- [What the task requires]: Your copy should begin with the line containing "Sexy Photographer Passionately", end with the line containing "18th Century and", match the listing below exactly, and contain no pictures.

- [Information given]:
========
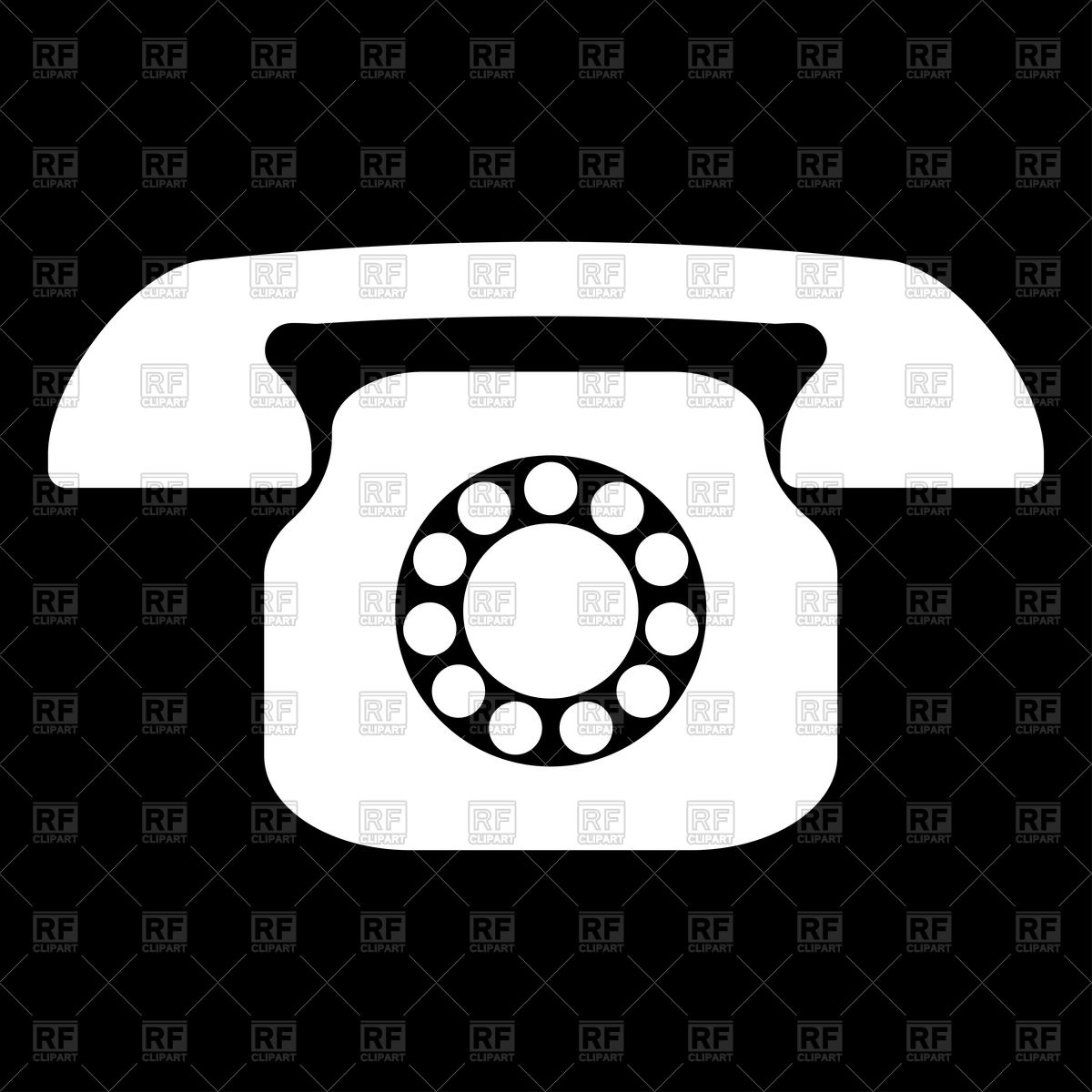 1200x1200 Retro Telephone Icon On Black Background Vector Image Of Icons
========
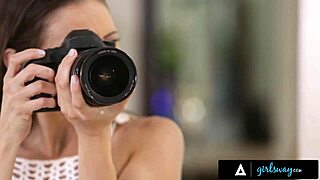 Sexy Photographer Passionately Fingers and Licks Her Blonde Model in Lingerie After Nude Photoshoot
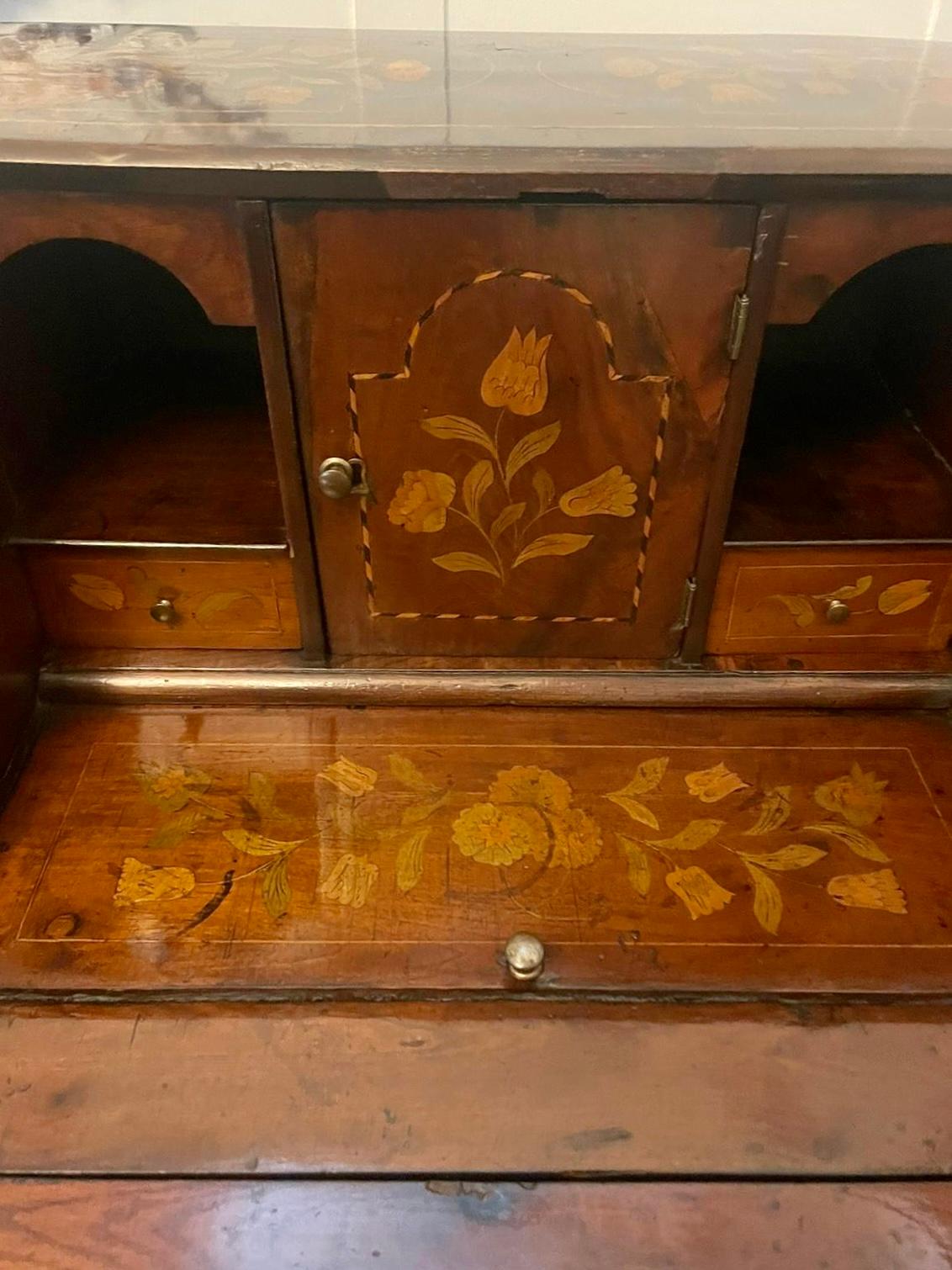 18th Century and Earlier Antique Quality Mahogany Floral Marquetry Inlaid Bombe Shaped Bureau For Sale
========
- [Solution]:
 Sexy Photographer Passionately Fingers and Licks Her Blonde Model in Lingerie After Nude Photoshoot
 18th Century and Earlier Antique Quality Mahogany Floral Marquetry Inlaid Bombe Shaped Bureau For Sale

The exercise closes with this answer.